Patient Safety and Adherence to Self-Administered Medications
Spall H, Van-Spall C, Nieuwlaat R, et al. Patient Safety and Adherence to Self-Administered Medications. PSNet [internet]. Rockville (MD): Agency for Healthcare Research and Quality, US Department of Health and Human Services. 2011.
Spall H, Van-Spall C, Nieuwlaat R, et al. Patient Safety and Adherence to Self-Administered Medications. PSNet [internet]. Rockville (MD): Agency for Healthcare Research and Quality, US Department of Health and Human Services. 2011.
The Case
A 30-year-old man, with HIV and a recent diagnosis of central nervous system (CNS) toxoplasmosis, returned to the emergency department (ED) of a community hospital for the third time in two weeks.
Two months earlier, the patient was diagnosed at a university hospital with toxoplasmosis, based on characteristic brain lesions on MRI and presence of the parasite's DNA in his cerebrospinal fluid (via polymerase chain reaction). He was discharged on standard treatment for CNS toxoplasmosis (pyrimethamine, sulfadiazine, and folinic acid) and HIV disease (anti-retroviral medications). Two weeks before this ED visit, he was admitted to the community hospital with seizures. Imaging showed no change in the brain lesions. He was discharged on the anti-seizure medication phenytoin. The day before this ED visit, the patient had a second seizure that led to a motor vehicle accident. He was brought to the community hospital's ED, an MRI of his brain showed no change, and he was discharged home.
He returned the next day, this time complaining of new onset right-sided weakness. Compared to the MRI one day earlier, CT showed increased swelling of his brain and compression of his frontal lobe. Medical staff were now worried that this patient had treatment-resistant toxoplasmosis or another brain disease, and transferred him to the university hospital where the original diagnosis had been made.
During the workup at the university hospital, the patient said that his symptoms had improved after he was initially discharged two months earlier. However, one month earlier, he ran out of his medications for toxoplasmosis. He did not have any refills and did not know how to obtain refills. He continued the anti-retroviral HIV medications for which he had refills. Soon after stopping the toxoplasmosis medications he began to experience headaches, then seizures and other symptoms that led to his multiple presentations over the prior two weeks. The patient was restarted on appropriate therapy for CNS toxoplasmosis and his symptoms improved.
The Commentary
"Drugs don't work in people who don't take them." – C. Everett Koop
This case portrays low treatment adherence that is life-threatening. Adherence, the extent to which patients take their treatments as prescribed, is surprisingly low with prescriptions for medications, and even lower with prescribed lifestyle changes.
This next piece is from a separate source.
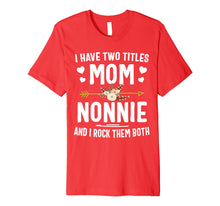 Load image into Gallery viewer, Funny shirts V-neck Tank top Hoodie sweatshirt usa uk au ca gifts for I Have Two Titles Mom And Nonnie Shirt Mothers Day Gifts 626895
Even when their medications are fully covered by insurance, more than 40% of patients are non-adherent.(1) Patients who are non-adherent usually take too few rather than too many doses, and are at increased risk of death, disability, and hospitalization.(2,3) Adherence to treatment may represent a surrogate marker for healthy behavior, which confers a survival advantage that is independent of the benefits of the treatment itself and is known as "the healthy adherer effect."(2) Of all medication-related hospital admissions in the United States, up to 69% may be due to poor medication adherence, with an estimated cost of $100 billion per year.(4)
Effectively managing low adherence in individual patients begins with detection. Practical methods for monitoring adherence include: (i) Watching for non-attendance: did this patient have a follow-up appointment? If so, did anyone take action when he did not attend? (ii) Watching for a less-than-expected response (clearly evident in this case). (iii) Measuring serum drug or metabolite levels (e.g., for this man's anticonvulsants). (iv) Asking the patient: "People often have difficulty taking all of their pills. During the past week, did you miss any of your medications?" An affirmative response to this question is associated with less than 60% adherence.(5) Other methods of monitoring adherence include proprietary medication electronic monitoring systems (which are expensive), prescription refill counts (which require pharmacy collaboration) and manual pill counts during home visits, comparing pill numbers with prescribed rates of intake.(5)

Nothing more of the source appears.